NASA reports that Russian cosmonaut Salizhan Sharipov and American Leroy Chiao have been asked to cut out calories equal to "three cans of Coke" from their daily total caloric intake. But Russian officials have accused the previous crew of overeating during their 6-month mission earlier this year, leaving a deficit of meat and milk and a surplus of prunes and lima beans. Furthermore, they suggest that the equivalent of three cans of Coke is what the crew has remaining until the supply ship arrives.

Sharipov, the Russian cosmonaut, has already barricaded himself in the Soyuz capsule docked at the station and spoke exclusively with The Spoof about the conditions on-board the space station. "This place was a freaking mess when we got here. There was trash and dirty underwear stuffed in all the closets. And you can't imagine the stench. We suspected something was wrong when the previous crew had form-fitting uniforms and we didn't. And if that's not bad enough, I'm constantly a little woozy because the oxygen generator only works on Tuesdays and Thursdays." Sharipov trailed off after briefly losing consciousness, still gripping a sharpened popsicle stick he'd fashioned into a shiv.

NASA officials said their situation was not so different from being cut off on earth and the lives of the crew were not at risk. "If you get snowed in, you're going to make do," said Jim Newman, director of NASA's Human Space Flight Program in Russia from the comforts of his plush, oxygen-rich hotel room. A recent survey of people commonly snowed in for 6-8 weeks at a time reveals that the Inuit of northern Canada generally fare the best, while American and Russian urban dwellers typically last only 3-5 days before "cabin fever" sets in and people start getting hurt.

The oxygen deprived American astronaut Chiao had a different perspective on the situation. "Of course, people anticipating being snowed in can just run out and get supplies beforehand; they don't have to depend on the leftovers from a previous crew," remarked a glassy-eyed Chiao, holding an iron rod and the last Pop Tart in space. "Tomorrow….I will have meat!" Chiao glared menacingly at the hatch leading to the Soyuz escape capsule. The capsule is expected to be a potential flashpoint for the Russian and American crewmen. If they do not receive fresh supplies by late December, the crew would have to evacuate the station and return to earth on the Soyuz capsule currently docked there.

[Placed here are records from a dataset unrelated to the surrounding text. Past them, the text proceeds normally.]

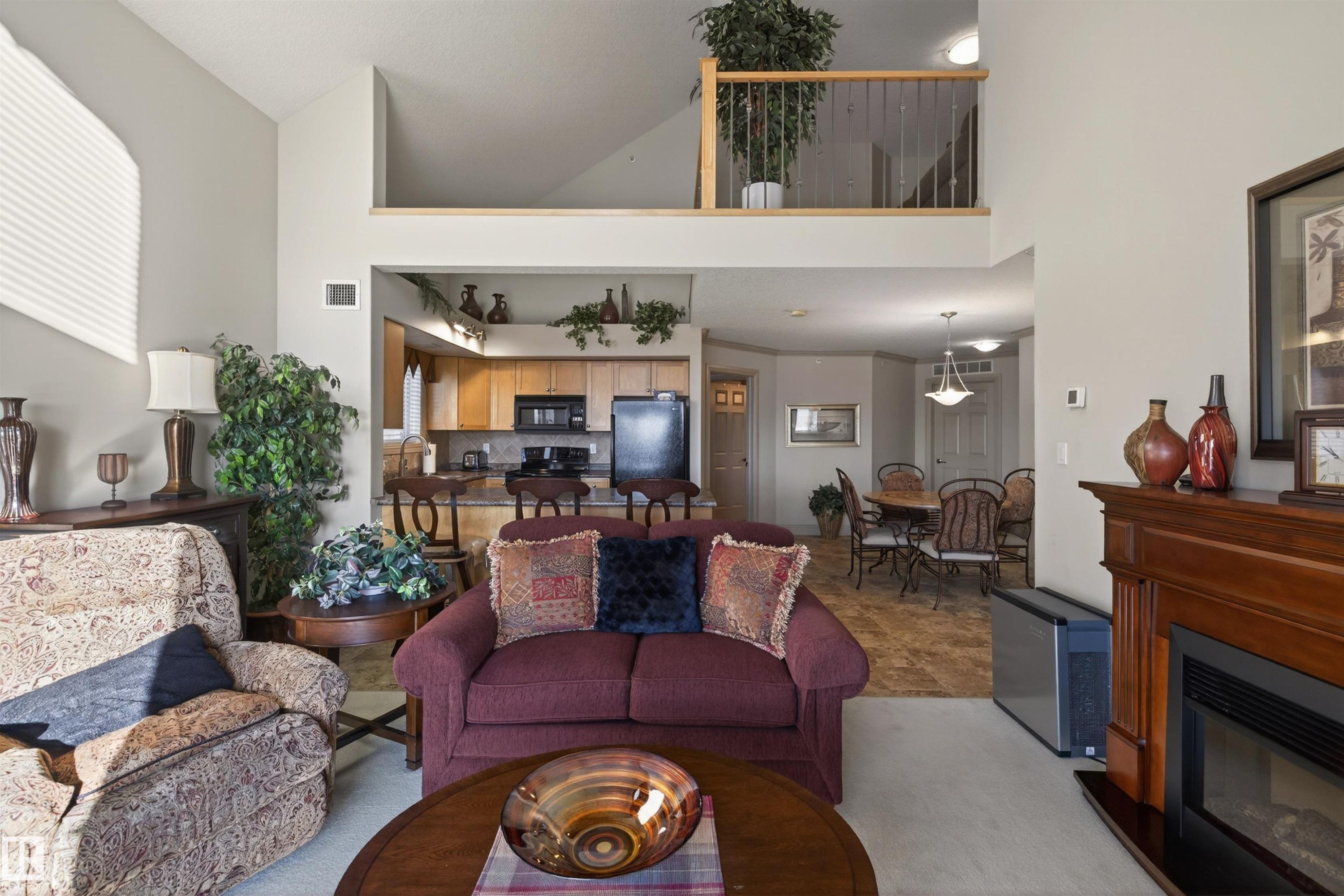 Living room featuring a glass covered fireplace and a high ceiling - 427 13005 140 Avenue, Edmonton, AB - Indoor Photo Showing Living Room With Fireplace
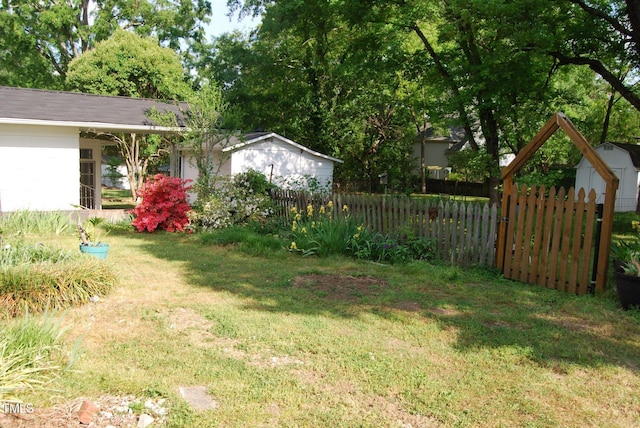 1013 Green St, Durham, NC 27701 - view of yard with fence, an outdoor structure, and a shed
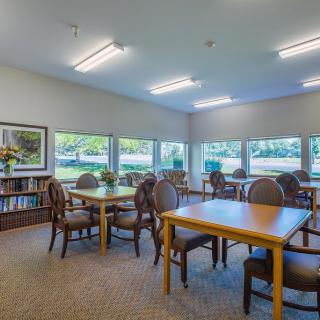 A quiet library room with tables and chairs, surrounded by bookshelves and large windows.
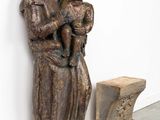 statue of a woman holding a child in her arms next to a bench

Sharipov holds the high ground in the latest ISS crew standoff since he currently occupies the only way off the ship. However, Chiao is in a good bargining position with Pop Tart in hand. It is widely anticipated that he intends to use the Pop Tart to lure Sharipov out of the capsule, most likely in order to subdue him with the iron bar and possibly prepare him for consumption over the next three weeks. Outside observers question if actions of the ISS crew are driven more by hunger or oxygen deprivation. NASA called for an immediate inventory of oxygen levels on the station and will review the findings sometime in January.

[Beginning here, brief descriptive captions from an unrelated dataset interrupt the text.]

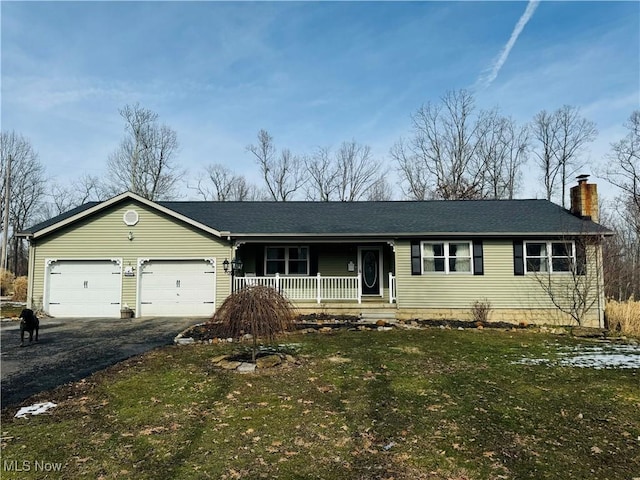 ranch-style home with driveway, a garage, a chimney, and a front lawn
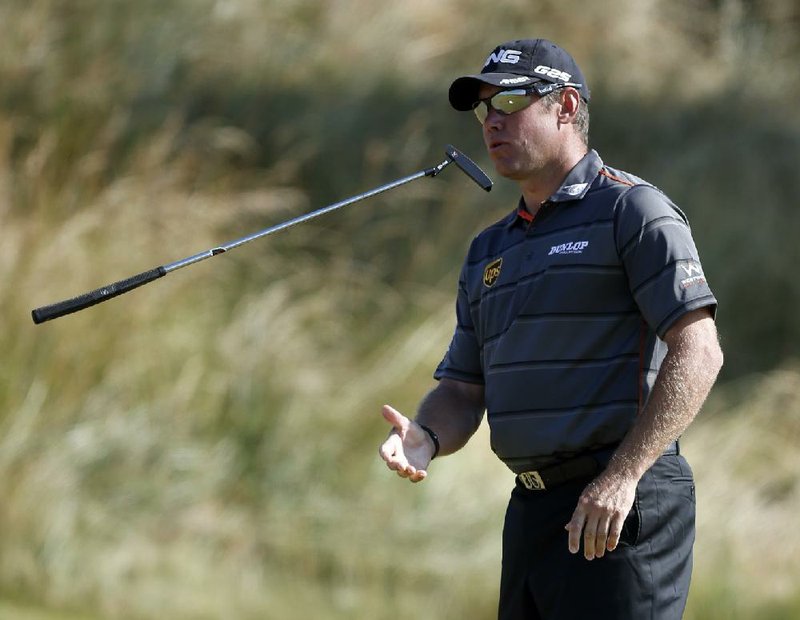 Lee Westwood of England, one of four players tied one shot behind leader Miguel Angel Jimenez, tosses his putter on the third green during the second round of the British Open at Muirÿeld. Westwood is trying to become the first Briton to win the tournament since Nick Faldo in 1992. 
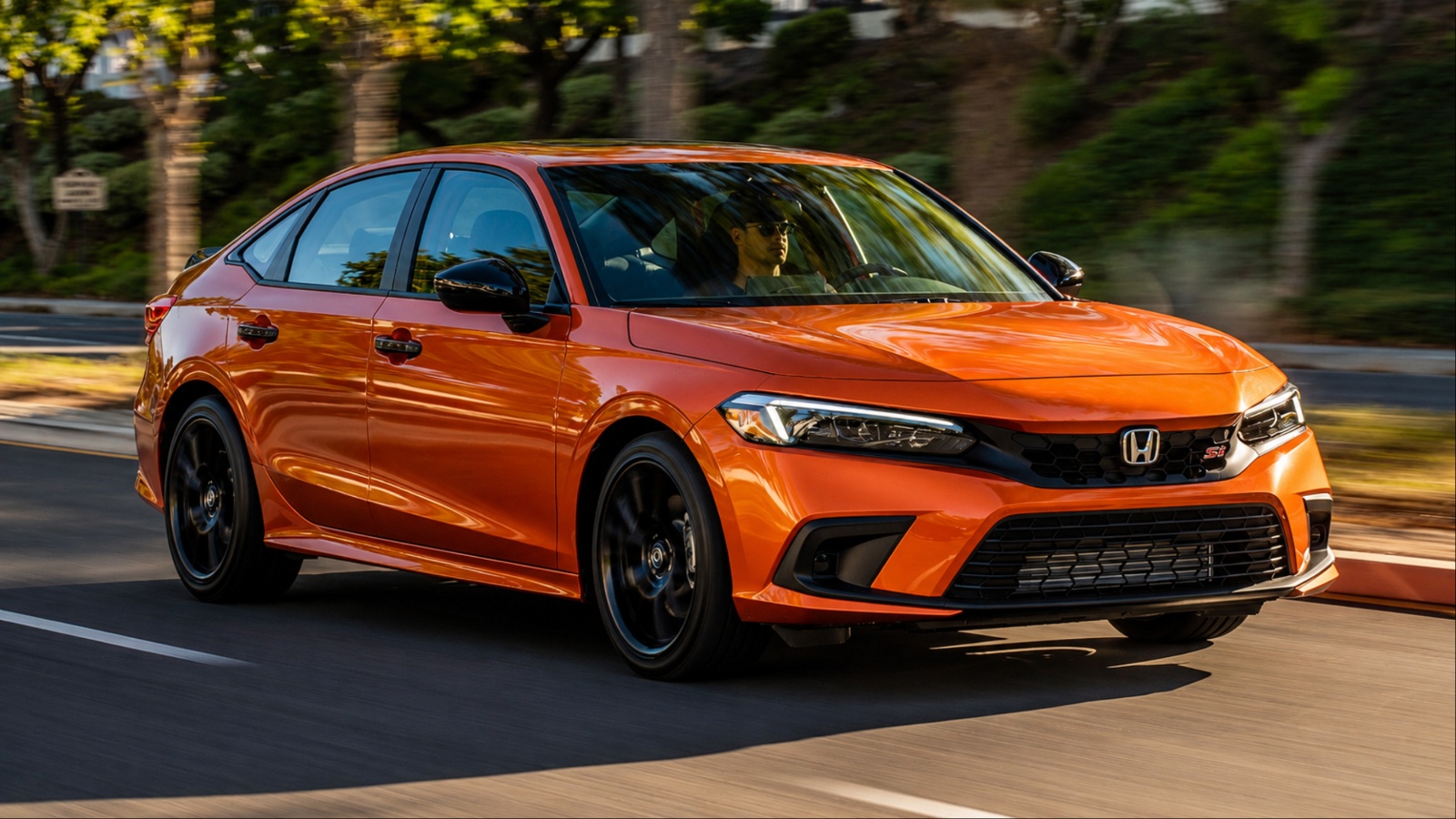 Honda Civic sedan driving through a tree-lined road in motion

In a related story, ABC is currently in negotiations with NASA to provide continuous coverage of the next three weeks on the ISS in a new reality show to be called International Space Station Survivor (ISSS). This show is just the latest in a series of collaborative efforts between Washington and Hollywood designed to generate revenue and offset a steadily increasing budget deficit. Plans for a reality show hosted by Donald Rumsfeld entitled, Unarmored Humvee have been shelved, at least temporarily, after Rumsfeld was recently outmaneuvered by a contestant. "Rumsfeld is about one bad press conference away from being Soylent Green. The test audiences obviously didn't receive the pilot episode very well, so we're moving ahead with another reality show with potentially wider appeal," an unnamed ABC spokesman said Friday. Dude, Where's My Social Security? is slated to start in the spring.